Thanks for the quick reply and good information!  I really appreciate it!

Link to comment
Share on other sites

Well, as expected I've ran into some issues :)

 

I'm trying to take it one step at a time.  To begin I'd just like to have it display the titles of the articles on a page (so I can learn this stuff one step at a time).

 

My code looks like this:

 

<?php

echo "<b>Article 1:</b>";

$html = file_get_contents("Articles-lot-5-6.html");
$regexp = '#\<h2\>(.+?)\<\/h2\>#s';

if (preg_match_all($regexp, $html, $matches)) {
echo $matches[0];
}
else {
    "There were no article titles found";
}

?>

 

It gives me this output:

 

Article 1:Array

 

I'm sure I'm on the right track to this - but again, I'm really new to all this.
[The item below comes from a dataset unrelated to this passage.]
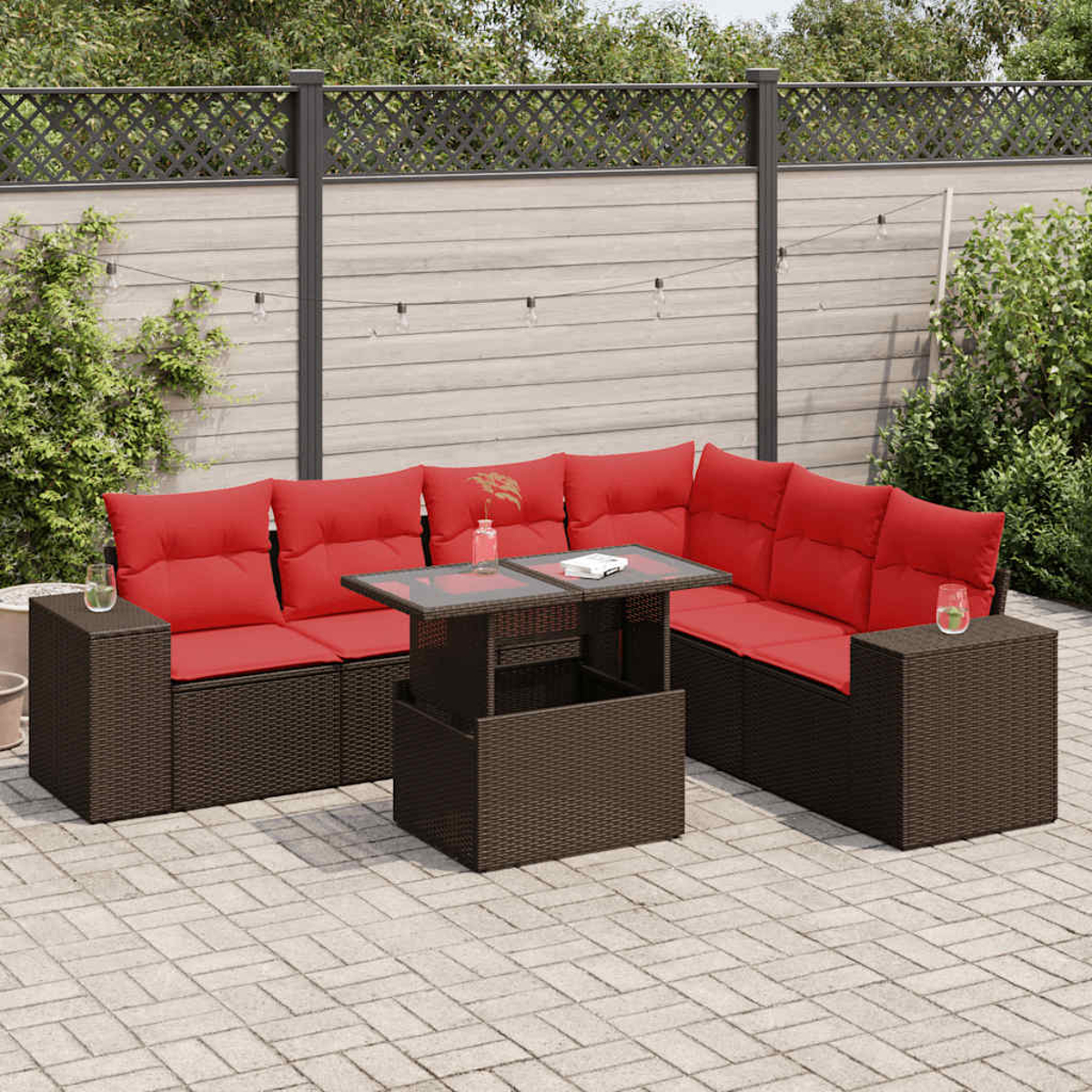 Ein braunes Ecksofa aus Korbgeflecht mit roten Kissen und einem Tisch mit Glasplatte auf einer Terrasse.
Any idea on how to move forward from here?

 

I've tried playing with the $regexp and changing it... I've had to do a lot of reading on regex as I don't know it very well at all. 

If I do:

$regexp = '/<h2>(.*?)<\/h2>/';

nothing displays except "Article 1:"

 

I apologize if my code is very simple and my errors very 'common sense' to some of you, I'm just trying to learn this stuff and get a handle on it one bit at a time.

Link to comment
Share on other sites

you might be able to call the plain array

if (preg_match_all($regexp, $html, $matches)) {
echo $matches;
}

but if not, then you might have to draw them out manually

if (preg_match_all($regexp, $html, $matches)) {
echo $matches[0][0];
        echo $matches[][1];
        echo $matches[1][0];
}

etc...

Link to comment
Share on other sites

Your suggestions once again are spot on!

 

Would it be possible to create a count based on the total number of matches and then have it loop through until the count = 0?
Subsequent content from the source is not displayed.